Chief Minister Paul Henderson sang the school’s praises during Q&A – it’s fantastic, a middle and senior school, as good as anywhere, but  kids need to go to school: “That’s is the challenge.” He made that point twice.
 
Getting kids to school – clearly – is the job of the parents, or in the Aboriginal context, the extended family. It’s not a job for the Government.
 
The government’s dollar figure is impressive, the school’s enrolment and attendance figures are not. These are freely available on the departmental website.
 
Blame cannot be laid at the feet of the teachers. For most remote teachers the day starts early. At Utopia teachers clock on before school as school bus drivers, collecting kids from many of the outstations of the sprawling community. Together the teachers cover hundreds of kilometers each day.
 
How many dozens of able-bodied people are around, most of them on the dole, who could be doing that job? How many parents help, our source asks.
 
Surely locals were offered the drivers’ jobs, but they probably found the dole more appealing, or very soon couldn’t or didn’t want to display the reliability and punctuality required.
 
Again, the transport factor is a major issue in this decentralised community. How much should the government and taxpayer subsidise vehicles, road improvement and transport costs associated with a community’s decision to decentralise into homelands? It’s a big question, says our source. There always seems to be fuel to get to a footy game or to an interstate rodeo, though!
 
On their bus run the teachers call at the parents’ door but they don’t go inside. If a kid isn’t ready they don’t get picked up. Sadly many don’t make it to school and what’s more, some are not even enrolled. “No jobs, why do they need mainstream education?” is a common attitude, our contact says.
 
Mrs Kunoth-Monks mentioned the support of The Jack Thompson Foundation. What they are doing is well documented on their web site.
 
One has to assume the program is as successful as reported. If we drove by today, how many local people would be working on these activities? Would it be just white staff or volunteers on the job?
 
Batchelor Institute and Charles Darwin University are just two RTOs providing courses to locals. Clinic staff coordinate a free locum style service.
Extensive staff travel facilitates great access to health services for the Utopia population. People living in “absolute poverty” in many parts of the world rarely experience that same level of service.
 
Is the reported health success of these homelands not due in part to the amazing dedication of health staff, our source asks.
 
No mention of lots of this on Q&A.

12 COMMENTS

  1. Poverty? Poverty! If Aboriginal people in Alice Springs want to know poverty, they could look up African communities or South East Asia people on their child’s free brand new computer before family smash it, they could discover “poverty” is directed more towards those who don’t get free Centrelink benefits, don’t get royalties, don’t get free education and school lunches, free healthcare, a free bus to catch a ride on to the clinic, free medication, don’t get free food vouchers when they spend all their free government payments on grog and junk food/cars. Grog costs money, get real Kunoth-Monks. Take responsibility for the misspent wealth of your people.

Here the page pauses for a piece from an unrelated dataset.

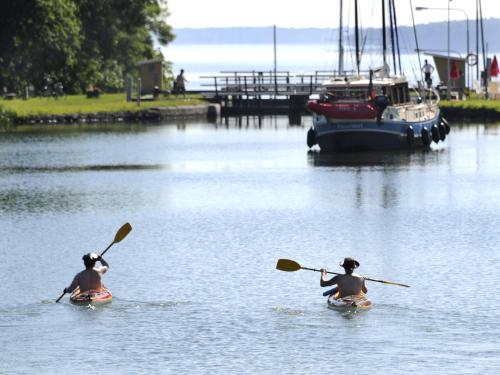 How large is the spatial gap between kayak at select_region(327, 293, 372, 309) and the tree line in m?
61.7

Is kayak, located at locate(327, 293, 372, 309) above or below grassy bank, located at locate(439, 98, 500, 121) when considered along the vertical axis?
below

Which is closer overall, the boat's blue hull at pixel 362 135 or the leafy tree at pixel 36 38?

  2. Send delegations of Rosalie Kunoth-Monks, Barbara Shaw and others (maybe the repeat youth offenders we see on the court listings every day) to live in communities in rural India, Mozambique, Namibia, Zimbabwe, Angola, Congo etc for a month. Some people are oblivious of, or take for granted, how many opportunities and freedoms we have in Australia.
    Look the residents of those other countries in the eye and explain that there is first world class infrastructure (school/s, health clinic, police, swimming pool etc) servicing communities with populations of 1000 people … and unfortunately the majority of residents don’t make use of opportunities given.

  3. From America.
    Having lived in Australia nearly four years, driven the entirety of the country, and made home in Alice for one year, and, having visited many communities, I can say that the Indian reservations here in this country are paradises compared to the hell-holes which are called communities in OZ.
    There is no equality, for the black fella is a commodity called the Aboriginal Industry. Genocide is alive and well here, and in the “lucky” country.
    In America, this genocide is sponsored by the white men and uncle Tom Indians making the cash.
    In The Alice I went to many different organizations to offer my services on healing trauma on the communities. The black fellas in the room got it and eagerly wanted it, the white fellas in charge had to move me out fast, for their jobs of continuance and fear of solutions made my suggestions untenable to their pay-checks.
    I met many Aussie blokes going slow to make more big bucks on the communities.
    It’s all a freaking scam here and where you are.
    Erwin’s racist comments are beyond the pale and only go to more fully separate, never fully addressing the causal, lack of communication: language barriers and customs ignorance, from the top down.
    Cheers.

  4. Erwin’s article is a clear, factual documentation of the current situation here in the Alice Springs region. It should be noted that millions of tax free dollars in mining royalties are also received by the Aboriginal communities. All Aboriginals are eligible for the dole, and are not required to meet the standard applied to the wider community. Yes, Beau Ives comments also has some merit, as many individuals and businesses solely exist to service this “Aboriginal Industry”. While the Government has to rely on the Aboriginal vote to retain power and the “poor fella me fella” mentality can be stamped out so Aboriginals take responsibility for their own actions, this situation will continue.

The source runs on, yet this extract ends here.